Posted by Vern Imrich on Monday, August 07, 2006

There is a lot of energy going into "knowledge workers" these days, previously known as "employees."  But most of that energy is focused on one aspect of the employee-content problem -- improving productivity with collaboration.  That's certainly a noble pursuit.  Anyone pursuing it should really take a good look at the impressive collaboration features in the upcoming release of Office 12 and SharePoint (requires IE).

But employees are not only collaborators and generators of content, they are also a channel for content to reach customers.  More often than not, they are a very unreliable channel.  We've all had the experience of finding a great offer or promotion on the Web, only to call up for details and find the person at the other end has no idea what we are talking about.  It makes you question the validity of the offer, and even whether you want to do business there.  Why do companies let this happen?

Interestingly enough, all this focus on collaboration is part of the problem.  By thinking of employees as collaborators we remove the barriers to information, make everything easier to find, and think we have informed them.  In practice, employees end up with too much content that is no longer accurate, relevant or consistent with the content you are formally publishing to all the other channels your customers use.

The reason is clear.  With external channels, we understand the need to have formal processes in place to "clean up" or post-process content based on the customer segment, audience and or channel where the content will be used.  In fact, this is why companies buy multi-channel Web Content Management systems.  The system takes "finished" content from a Word document and converts it into something that can be used on the Web, email newsletters, and in printed guides.
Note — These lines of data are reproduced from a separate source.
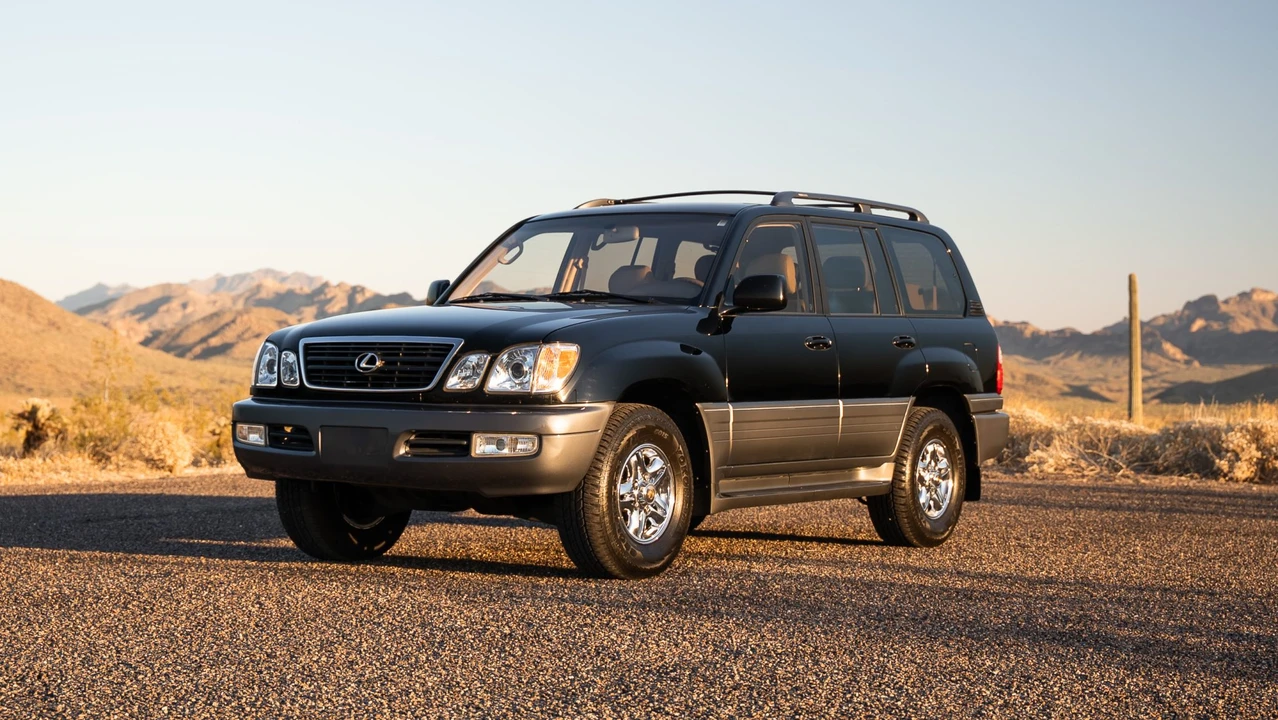 1998 Lexus LX 2nd Gen - Image 17 of 31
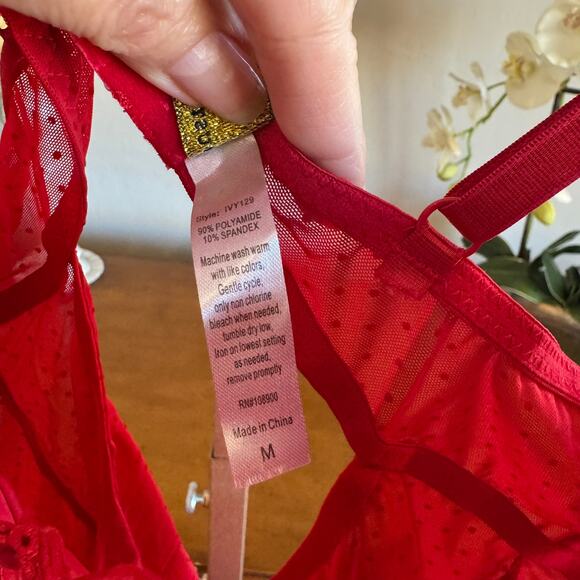 Sold at Fredrick's Just Sexy Lingerie Red Sheer Lace Negligee Size M Never Worn - Picture 5 of 7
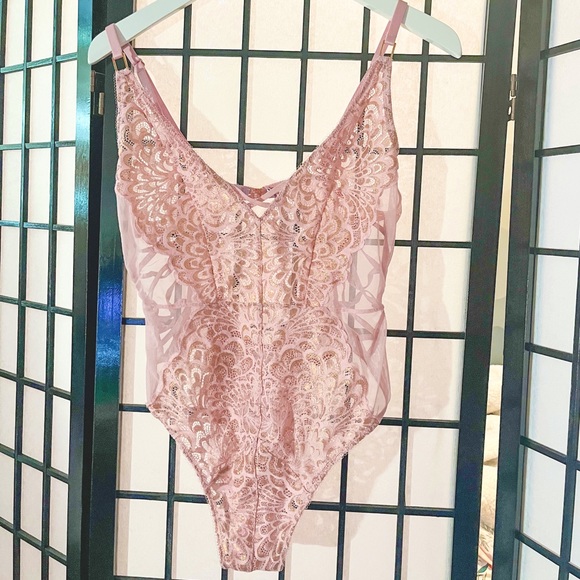 SAVAGE X FENTY 🌸 Lace one-piece Teddy 🌸 - Picture 1 of 2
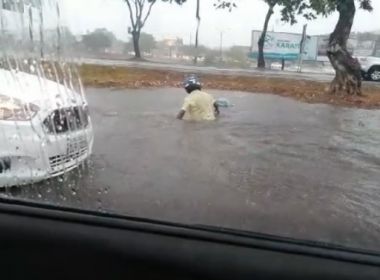 Eunápolis: Chuva deixa ruas e avenidas alagadas; tempo chuvoso pode ir até segunda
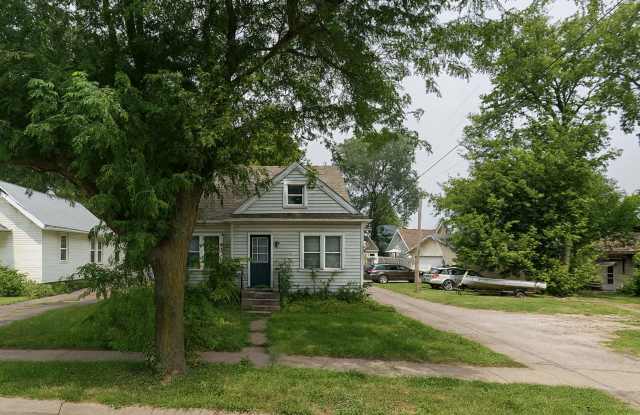 136 Platt St Eau Claire, WI 54703 - 136 Platt Street, Eau Claire, WI 54703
This also helps suggest the solution.  Think of your employees as one of those channels.  Yes, they need to collaborate with others in their area of expertise.  But when it comes to keeping them synchronized with programs, campaigns, brand and messages, you need to formally publish to them only the information you would publish to customers themselves -- perhaps with some additional notes and commentary (the "teacher's edition" if you will).  The same infrastructure can be used.  Employees still go to the intranet, corporate search or portal to find information.  But now, those systems are fed content by the same multi-channel Web Content Management processes that you use for your external channels. More importantly, you can now segment, remove, change or expire the information so that employees get the same view of it as your customers.